Over the years I’ve tweaked the technique—blanching the beans so they stay emerald, blooming the smoked paprika in oil for deeper flavor, finishing with a splash of apple-cider vinegar to brighten all that richness—but the heart of the recipe never changes. It’s still the dish that feeds a crowd without breaking the bank, still the aroma that drifts through the house and pulls everyone to the table, still the taste that makes my children pause mid-chew and say, “Tell us about the first time you had this, Mom.” If you’re looking for a meaningful, nourishing centerpiece for your own MLK Day table, one that honors the African-American culinary traditions that shaped Southern foodways, you’ve found it.

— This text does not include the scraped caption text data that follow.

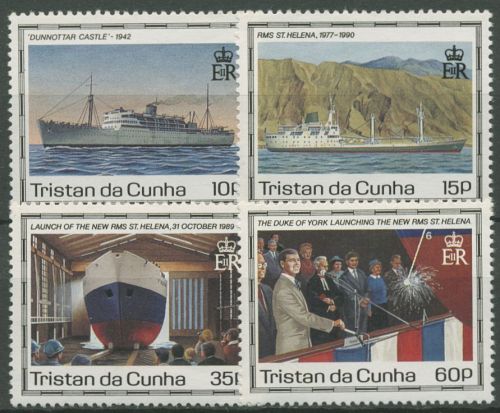 Tristan da Cunha 1990 Neues RMS St. Helena Schiffe 495/98 postfrisch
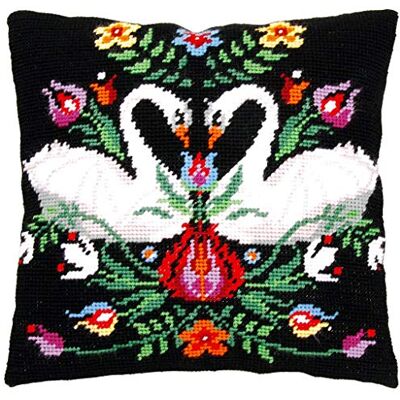 Vervaco Zara Kit per ricamo a punto croce con cuscino in gobelina, in cotone, multicolore, 40 x 40 x 0,3 cm Vervaco Zara Kit per ricamo a punto croce con cuscino in gobelina, in cotone, multicolore, 40 x 40 x 0,3 cm
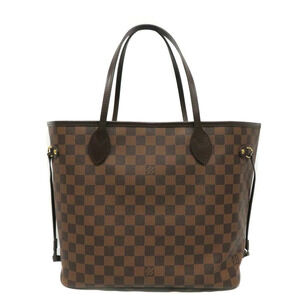 Louis Vuitton Neverfull Damier Tote Bag Canvas Leather Ebene Brown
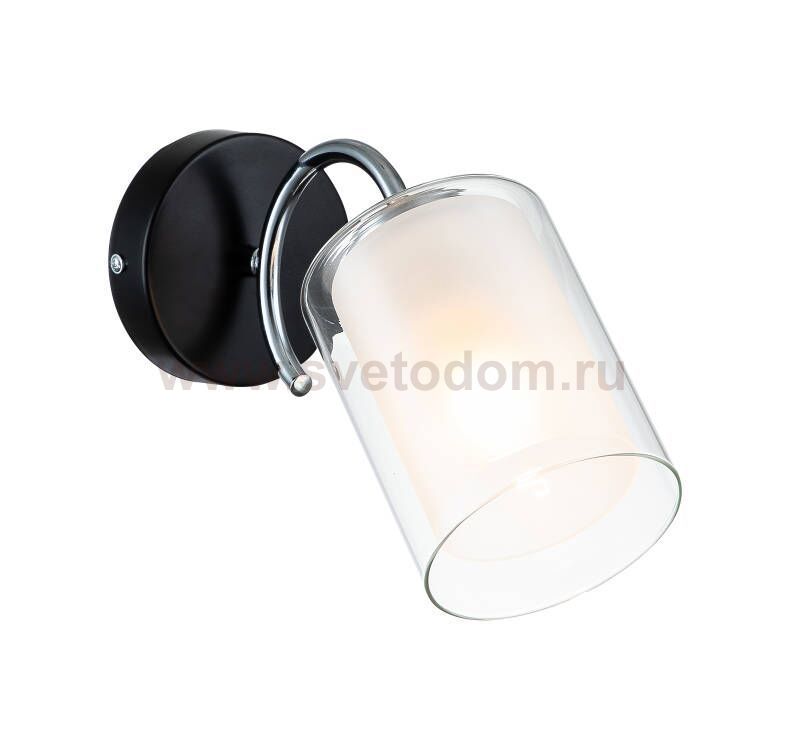 Настенный светильник Escada 1170/1A E27*60W Chrome/Black MELL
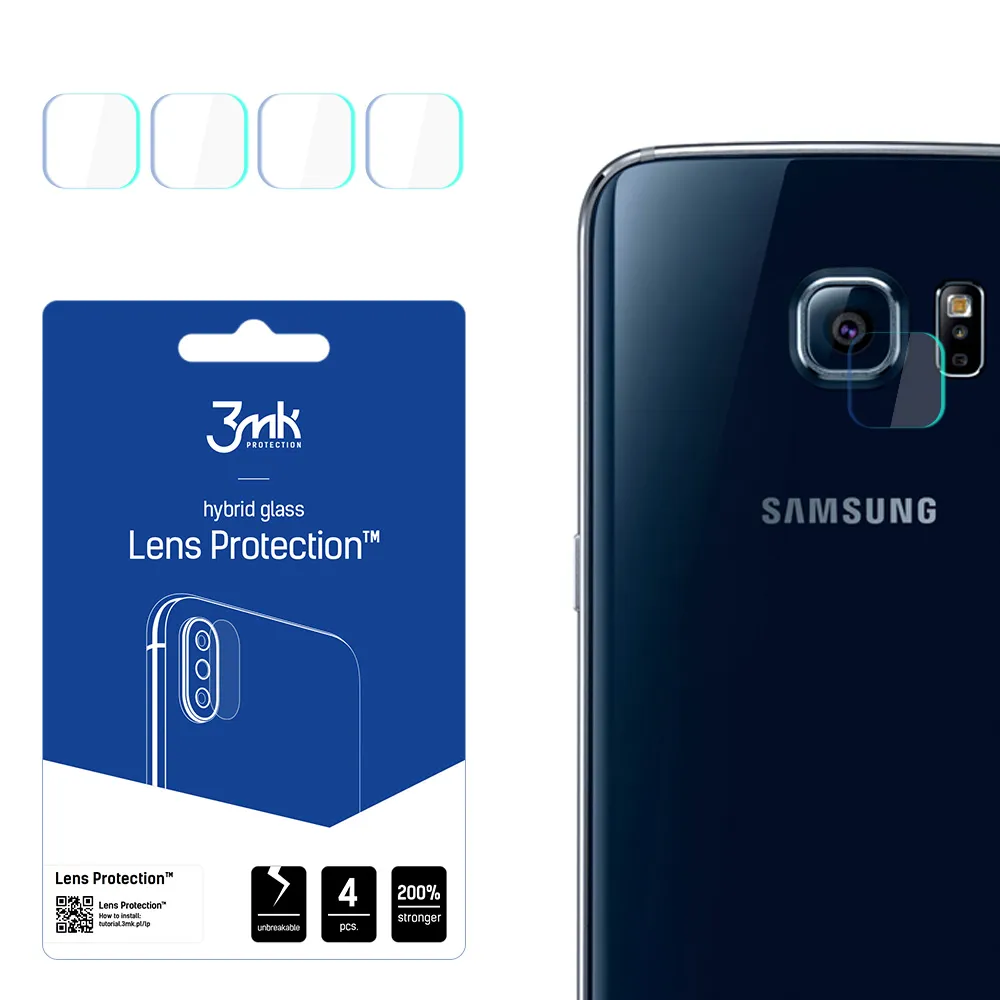Lens glass for Samsung Galaxy S6 Edge - 3mk Lens Protection
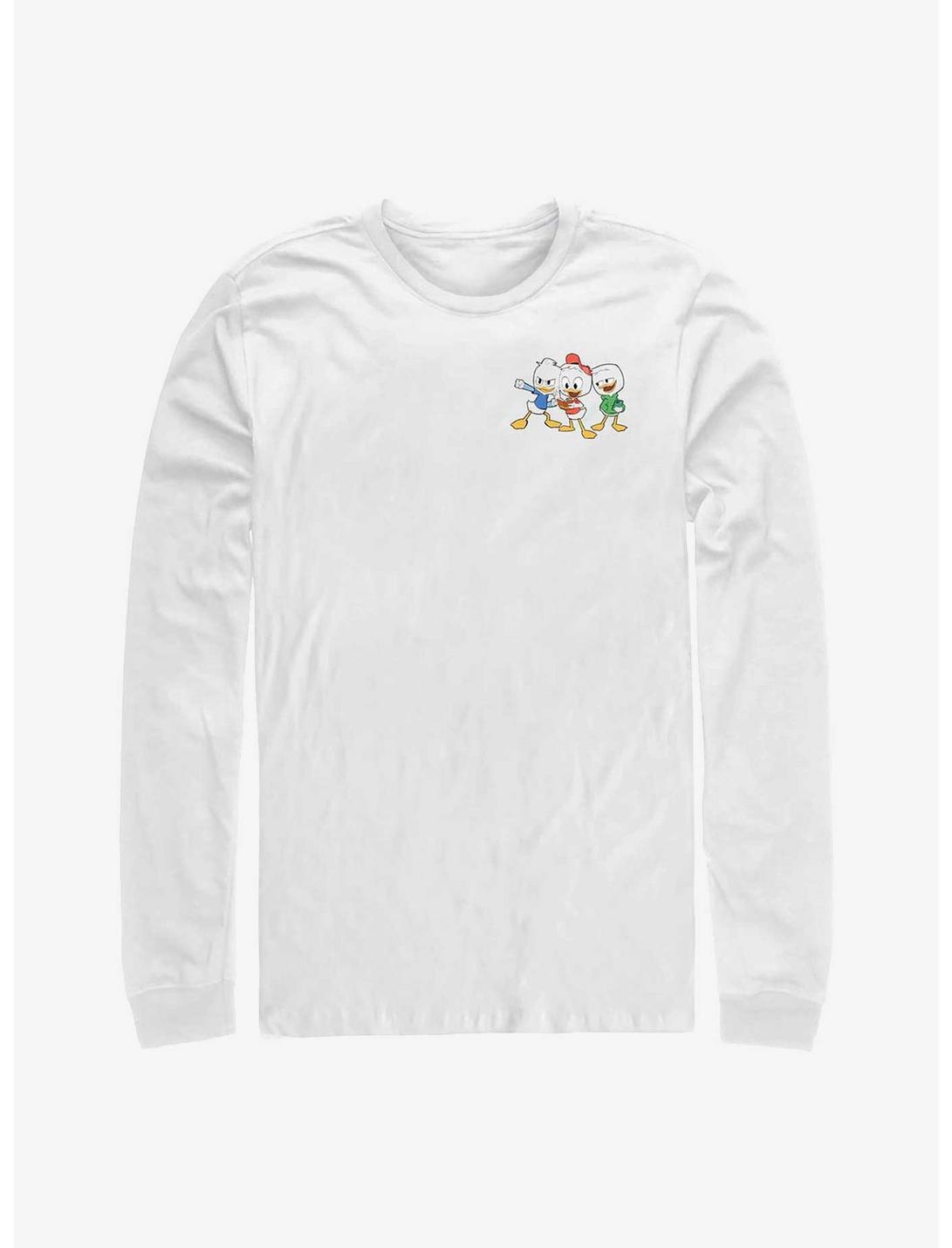 Disney DuckTales Corner Triplets Long-Sleeve T-Shirt, WHITE, hi-res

Let’s get smothering.

Why This Recipe Works

  • Smoky pot-liquor gravy: A slow roux plus smoked turkey or liquid smoke gives you the depth of traditional Sunday beans without an all-day boil.
  • Blanch-then-smother method: Quick blanching locks in color; finishing in the gravy keeps them tender, never mushy.
  • One-pot rice: Jasmine rice simmers in the same pot you’ll smother the beans in, soaking up every layer of flavor.
  • Make-ahead friendly: Tastes even better the next day, so you can celebrate and still have time for the parade or day of service.
  • Budget hero: Feeds ten for under twelve dollars, proving delicious activism is accessible.
  • Versatile: Vegan? Use mushroom stock and coconut oil. Gluten-free? Swap the roux for a cornstarch slurry.

Ingredients You'll Need

Ingredients

Before we start smothering, let’s talk produce. Look for haricots verts–style green beans that snap cleanly when bent; if the tips are brown or the bean feels limp, skip them. During winter months I lean on the pre-trimmed two-pound bags from my co-op because they’re picked young and stay sweet. For the “holy trinity” base, fresh onion, bell pepper, and celery are non-negotiables—frozen mirepoix won’t give you the same grassy perfume. Smoked turkey wings are traditional (and sold in most large supermarkets near the smoked ham hocks), but if you keep vegetarian company, a teaspoon of liquid smoke plus two teaspoons of smoked paprika achieves surprisingly similar depth.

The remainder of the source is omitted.